US 11,749,257 B2
	Method for evaluating a speech forced alignment model, electronic device, and storage medium
Lizhao Guo, Beijing (CN); Song Yang, Beijing (CN); and Junfeng Yuan, Beijing (CN)
Assigned to BEIJING CENTURY TAL EDUCATION TECHNOLOGY CO., LTD., Beijing (CN)
Filed by BEIJING CENTURY TAL EDUCATION TECHNOLOGY CO., LTD., Beijing (CN)
Filed on Mar. 6, 2023, as Appl. No. 18/178,813.
Application 18/178,813 is a continuation of application No. PCT/CN2021/108899, filed on Jul. 28, 2021.
Claims priority of application No. 202010925650.2 (CN), filed on Sep. 7, 2020.
Prior Publication US 2023/0206902 A1, Jun. 29, 2023
Int. Cl.
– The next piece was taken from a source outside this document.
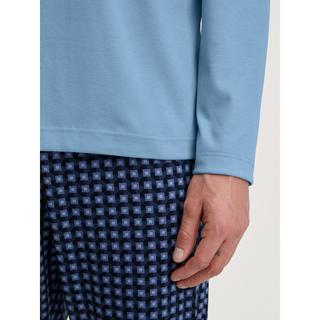 CALIDA Pyjama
G10L 15/05 (2013.01); G10L 15/01 (2013.01); G10L 15/02 (2006.01)

CPC G10L 15/01 (2013.01) [G10L 15/02 (2013.01); G10L 2015/025 (2013.01)]

20 Claims

1. A method for evaluating a speech forced alignment model applied in speech synthesis, the method comprising:

acquiring, by a processor using a to-be-evaluated speech forced alignment model applied in speech synthesis, based on each audio segment in a test set and a text corresponding to each of the audio segments, a phoneme sequence corresponding to each of the audio segments and a predicted start time and a predicted end time of each phoneme in the phoneme sequence;

acquiring, for each phoneme, by the processor, based on the predicted start time and the predicted end time of the phoneme and a predetermined reference start time and a predetermined reference end time of the phoneme, a time accuracy score of the phoneme, wherein the time accuracy score is a degree of proximity of the predicted start time and the predicted end time of each of the phonemes to the reference start time and the reference end time corresponding to the predicted start time and the predicted end time; and

acquiring, by the processor, based on the time accuracy score of each of the phonemes, a time accuracy score of the to-be-evaluated speech forced alignment model, wherein the to-be-evaluated speech forced alignment model includes a GMM model (Gaussian mixture model) and a Viterbi decoding model, wherein each audio segment in the test set and the text corresponding to each audio segment is input into the GMM model to obtain an undecoded phoneme sequence, the predicted start time and the predicted end time; and

decoding the undecoded phoneme sequence by the Viterbi decoding model to obtain the decoded phoneme sequence and the predicted start time and the predicted end time.